I love BA's Business class meals. on their trans-atlantic flights you get a nice filling dinner and a warm breakfast

User currently offlineSashA From Russia, joined May 1999, 861 posts, RR: 0
Reply 14, posted (15 years 5 months 6 days 18 hours ago) and read 794 times:

BA supplies warm breakfast even on its regional routes!! All times when I flew Glasgow GLA - London LGW, there was always becon, scrambled egg, tomatoes (warm!) and orange juice. This rox.
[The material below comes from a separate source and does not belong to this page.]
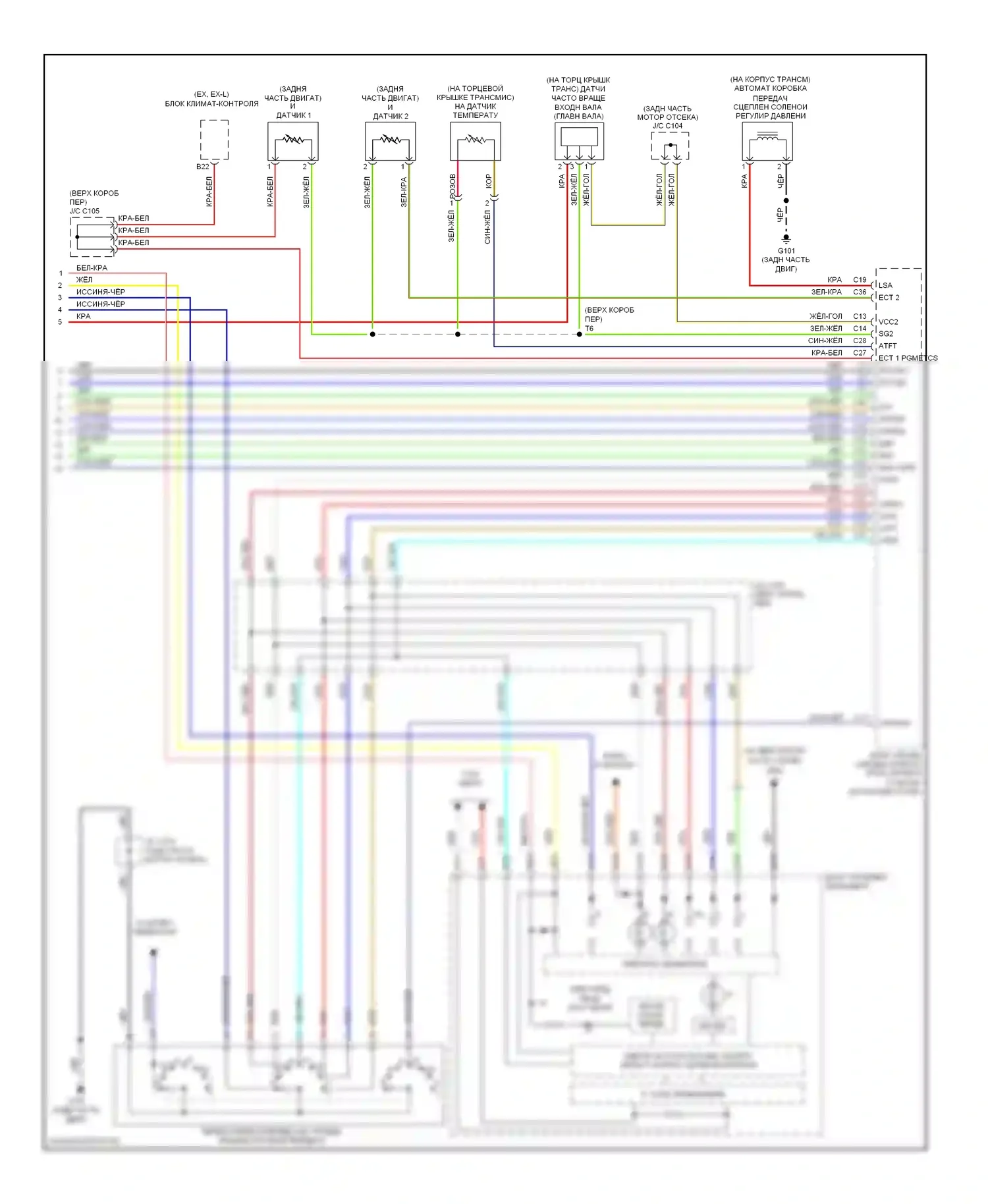 Pilot Honda I (2004-2009): Электросхема автоматической коробки передач (3 из 3)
I also like their salads. They tend to put most unusual ingredients there.. :)

Alex Alexeyev
Scotland - Russia.



An2/24/28,Yak42,Tu154/134,IL18/62/96,B737/757/767,A310/320/319,F100,BAe146,EMB-145,CRJ,A340-600,B747-400,A-330-300,A-340
User currently offlineDavid L From United Kingdom, joined May 1999, 9524 posts, RR: 42
Reply 15, posted (15 years 5 months 6 days 17 hours ago) and read 794 times:

Agreed, SashA. I haven't had a better breakfast than BA's and that's usually on the GLA - LHR shuttle as well.

User currently offlineIce Cream Man From United Kingdom, joined May 1999, 127 posts, RR: 0
Reply 16, posted (15 years 5 months 6 days 8 hours ago) and read 794 times:

Some airports use falcons as well (the birds, not the business jets) to scare other birds away. I have seen them around, a guy with a falcon on his arm.